Turning first to the constitution, a review of the language of the victim's rights amendment discloses that the amendment, while establishing many substantive rights for crime victims, does not include a right to appeal. Compare, e.g., Cal. Const., art. I, § 28(c)(1) (2011 Sup.) (“[a] victim, the retained attorney of a victim, a lawful representative of the victim, or the prosecuting attorney upon request of the victim, may enforce the rights enumerated in subdivision [b] in any trial or appellate court with jurisdiction over the case as a matter of right”). Furthermore, the victim's rights amendment does not speak to the question of a victim's party status or standing. Compare, e.g., Tex. Const., art. I, § 30(e) (“[a] victim or guardian or legal representative of a victim has standing to enforce the rights enumerated in this section but does not have standing to participate as a party in a criminal proceeding or to contest the disposition of any charge”).

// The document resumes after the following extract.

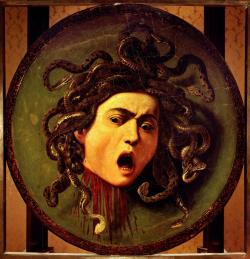 hominisaevum:  Shield with the head of Medusa Caravaggio, 1597 She - or he, as Caravaggio’s model is a male youth - is portrayed in the very moment of self-recognition. This is both a horrific and horrified image, as the eyes of the gorgon are fixed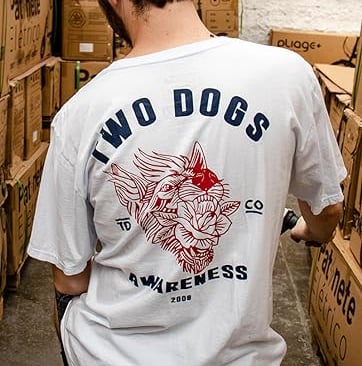 a man in a white shirt is standing in a warehouse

The victim's rights amendment also does not provide expressly that appeals by victims are disallowed. Compare, e.g., La. Const., art. I, § 25 (“[n]othing in this [s]ection shall ... confer upon any person the right to appeal or seek supervisory review of any judicial decision made in a criminal proceeding” [emphasis added] ); Ohio Const., art. I, § 10a (“[t]his section does not confer upon any person a right to appeal or modify any decision in a criminal proceeding” [emphasis added] ); Va. Const., art. I, § 8–A (same). The victim's rights amendment does provide that “[n]othing in [the amendment] or in any law enacted pursuant to [it] shall be construed as creating a basis for vacating a conviction or ground for appellate relief in any criminal case.” Conn. Const., amend. XXIX (b). Unlike the cited provisions from our sister states' constitutions, it is unclear from the quoted text of our state constitution whether the prohibition of appeals is intended to apply to victims or only to criminal defendants. See People v. Richardson, 196 Ill.2d 225, 230–31, 256 Ill.Dec. 267, 751 N.E.2d 1104 (2001) (holding identically worded provision in Illinois constitution to bar defendant's appeal based on purported violation of victim's rights, because legislature's intent was that Illinois' victim's bill of rights be used as “ ‘shield’ ” to protect victims and not as “ ‘sword’ ” to be wielded by criminal defendants), superseded by statute on other grounds, State v. Hestand, 362 Ill.App.3d 272, 280, 297 Ill.Dec. 831, 838 N.E.2d 318 (2005). We have examined the legislative history of our victim's rights amendment and, although it is not illuminating on whether subsection (b) applies to bar appeals by victims, the legislators indicated at several junctures during debate on the bill that the amendment was modeled, in part, on the Illinois victim's bill of rights. See 39 H.R. Proc., Pt. 9, 1996 Sess., pp. 2822, 2825, 2851. Accordingly, it is not clear that the victim's rights amendment applies to bar the victim's present appeal.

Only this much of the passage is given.